The anode is made of carbon felt (a readily available and inexpensive conductor for capturing micro-electrons) and is positioned horizontally on the soil. The cathode is made of an inert, conductive metal and is mounted vertically above the anode.

Although the entire device is buried, the vertical design ensures that the upper part is flush with the ground surface. The device has a 3D printed cover on top that prevents dirt from getting inside. The empty air chamber running along the top hole and the cathode allows a constant flow of air.

The lower end of the cathode is positioned deep below the surface, ensuring that it remains moist from the surrounding moist soil, even as the topsoil dries out in sunlight. The researchers coated parts of the cathode with a waterproof material so it could breathe during flooding. After a potential flood, the vertical design allows the cathode to dry gradually, rather than all at once.

On average, this resulted in the fuel cell generating 68 times more electricity than needed to power its sensors. It was also robust enough to withstand large changes in soil moisture—from slightly dry (41% water by volume) to completely submerged.

Making computing accessible to everyone

All of the components for soil-based MFCs can be purchased at local hardware stores, the researchers say. Next, they plan to develop a soil-based MFC made entirely from biodegradable materials. Both designs bypass complex supply chains and avoid the use of conflict minerals.

“With this COVID-19 “We’ve all become aware of how a crisis can disrupt the global electronics supply chain,” said study co-author Josiah Hester, a former Northwestern University faculty member who now works at the Georgia Institute of Technology. “We want to create devices that can use local supply chains and low-cost materials to make computing accessible to all communities.”

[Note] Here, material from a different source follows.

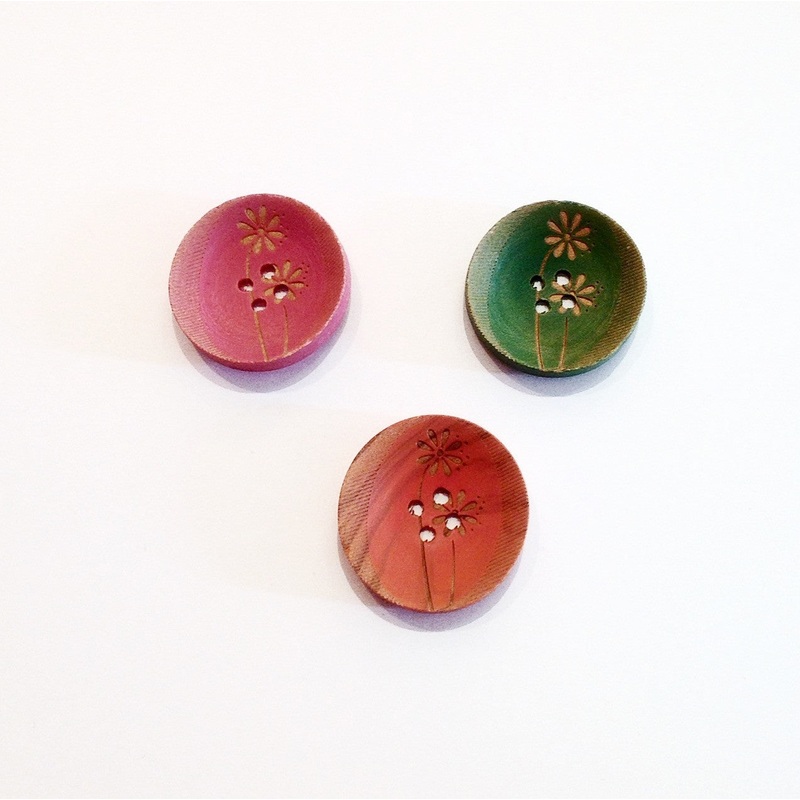 Wooden Flower Stem Button-27mm-Pink & Orange & Brown & Black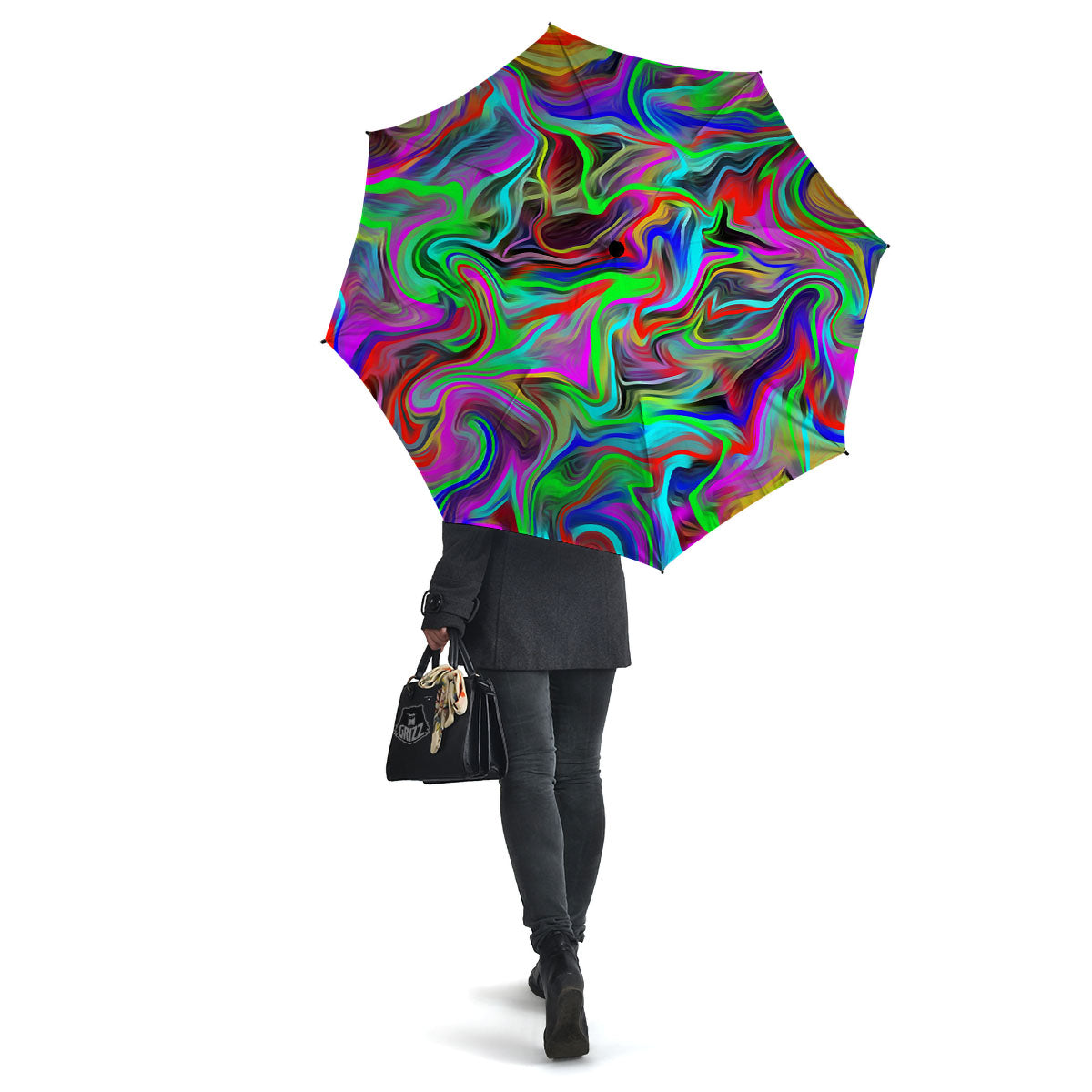 Psychedelic Trippy Neon Green Print Umbrella-grizzshop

References: Bill Yen, Laura Glave, Luis Gutierrez, Veluthi Sahinidis, Sadie Bernstein, John Madden, Steven Taylor, Colin Josephson, Pat Panuto, Weitao Shuai, George Wells, Nivedita Arora, and Josiah Hester, “Soil-Driven Computing,” January 11. … 2024, Proceedings of the ACM on Interactive, Mobile, Wearable and Pervasive Technologies.
doi: 10.1145/3631410

The research was supported by the National Science Foundation (Award No. CNS-2038853), the Agriculture and Food Research Initiative of the USDA National Institute of Food and Agriculture (Award No. 2023-67021-40628), and the Alfred P. was supported by Sloan. Foundation, VMware Research and 3M.